Rickettsial Disease

views updated

Rickettsial Disease

Introduction

Disease History, Characteristics, and Transmission

Scope and Distribution

Treatment and Prevention

Impacts and Issues

BIBLIOGRAPHY

Introduction

Bacteria from the genus Rickettsia give rise to rickettsial diseases. These bacteria are transmitted from infected mammals to humans via arthropod vectors. Once the bacteria are in the body, they infect the cells lining blood vessels and cause cell death. This results in complications relating to the blood. There are numerous types of rickettsial diseases caused by different species of these bacteria. Common symptoms of rickettsial diseases include fever, headache, depression, and fatigue. In some cases, a rash forms on the body, either around the site of infection, or on random areas.

Rickettsial diseases occur worldwide. Some diseases remain limited to certain geographic regions, while others are present on almost all continents. The distribution of the arthropod that carries the infectious bacteria determines the distribution of the disease. Rickettsial diseases are generally treated with a course of antibiotics. However, delayed administration of treatment can lead to more serious illness, and even death. While no vaccine is available to prevent contracting rickettsial diseases, prevention is achieved by avoiding contact with arthropods. This involves using repellents or wearing protective clothing.

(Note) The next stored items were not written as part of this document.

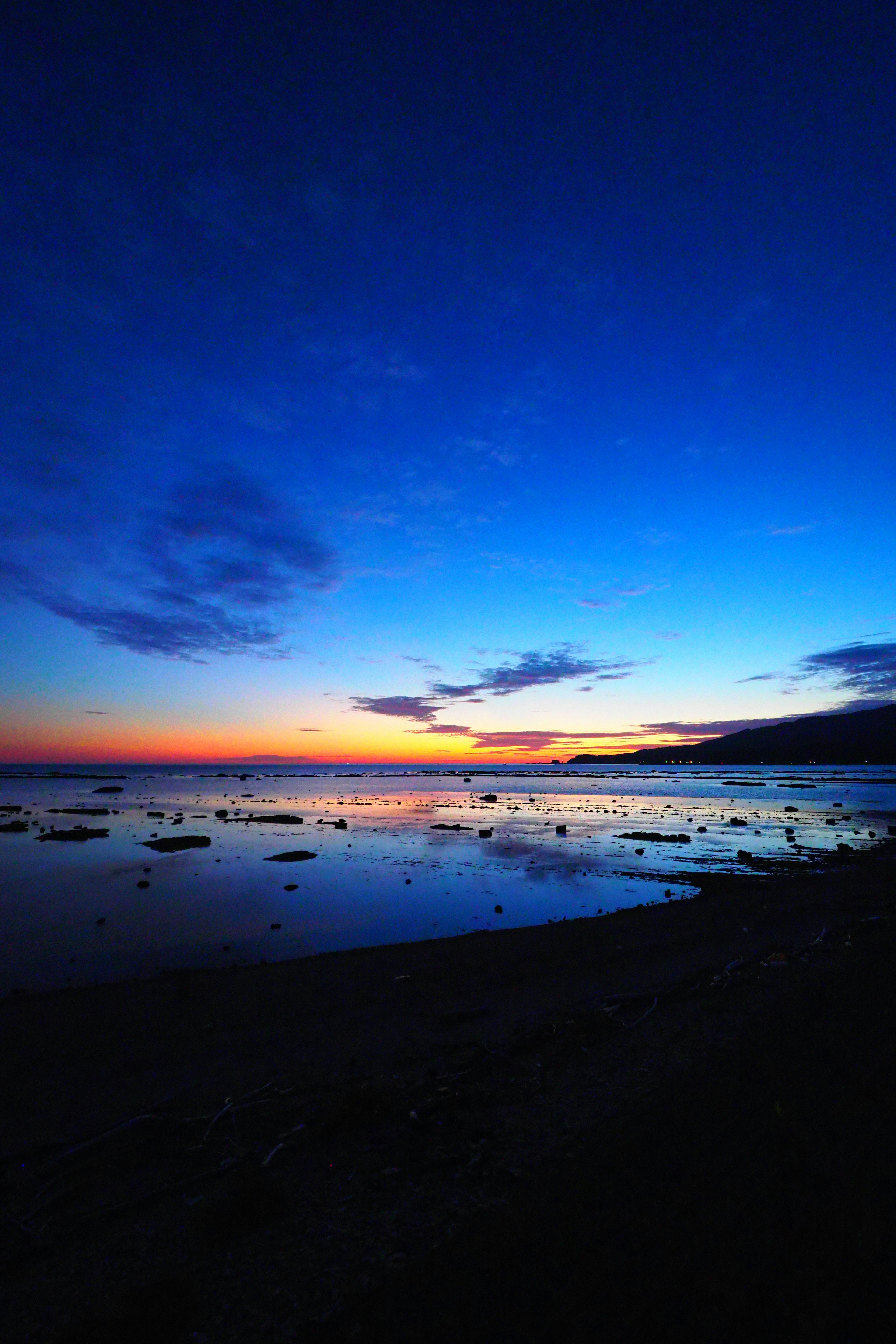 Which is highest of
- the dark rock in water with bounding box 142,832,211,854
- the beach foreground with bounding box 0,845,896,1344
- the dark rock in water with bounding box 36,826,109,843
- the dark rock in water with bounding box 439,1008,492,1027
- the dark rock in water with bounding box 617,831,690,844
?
the beach foreground with bounding box 0,845,896,1344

Disease History, Characteristics, and Transmission

Rickettsial diseases are caused by bacteria from the genus Rickettsia. These bacteria are named after Howard Taylor Ricketts (1871–1910) who died from typhus, one type of rickettsial disease. Rickettsial disease should not to be confused with another disease called rickets, which is caused by a deficiency of vitamin D.

Rickettsial bacteria cause illness in hosts by infecting the cells and causing cell destruction or death. They tend to infect vascular cells, that is, cells lining the blood vessels, and thus cell death leads to increased permeability of these vessels. This causes changes in blood volume, concentration, and pressure, which is debilitating for the host.

Rickettsial bacteria are present in arthropods and mammals. Transmission usually occurs when an arthropod feeds on an infected mammal, sometimes becoming the intermediate host, and then feeds on a human. Humans may also become infected if they come in direct contact with the blood or feces of an infected arthropod. One rickettsial disease, Q fever, is transmitted not by arthropods, but by airborne droplets containing the bacteria.

There are many different types of rickettsial diseases. The main types are grouped into the spotted fever group, the typhus group, or with scrub typhus. Most of the diseases share similar symptoms. In general, acute symptoms of fever, headache, depression, and fatigue occur within two weeks of exposure to a bacterium. A rash also often appears a few days after the onset of fever. This rash can appear on various regions of the body, as in Rocky Mountain spotted fever, or may occur specifically as skin lesions that develop at the site of the arthropod bite. Other complications of infection include blood vessel damage and organ damage, but these symptoms depend on the severity and type of infection.

Scope and Distribution

Rickettsial diseases occur worldwide. However, not all rickettsial diseases are present in all countries. Endemic (naturally occurring at a steady rate) and epidemic typhus occur worldwide, whereas North Asian tick typhus, Queensland tick typhus, and scrub typhus have particular distributions that limit them to certain locations. The distribution of rickettsial diseases is determined by the distribution of their arthropod vectors.

However, cases of specific rickettsial diseases sometimes occur in areas not known to harbor the bacterium. This is a consequence of travel. Travelers infected in one country may not exhibit symptoms until they are in another country due to the long incubation period for these bacteria.

WORDS TO KNOW

ARTHROPOD: A member of the largest single animal phylum, consisting of organisms with segmented bodies, jointed legs or wings, and exoskeletons.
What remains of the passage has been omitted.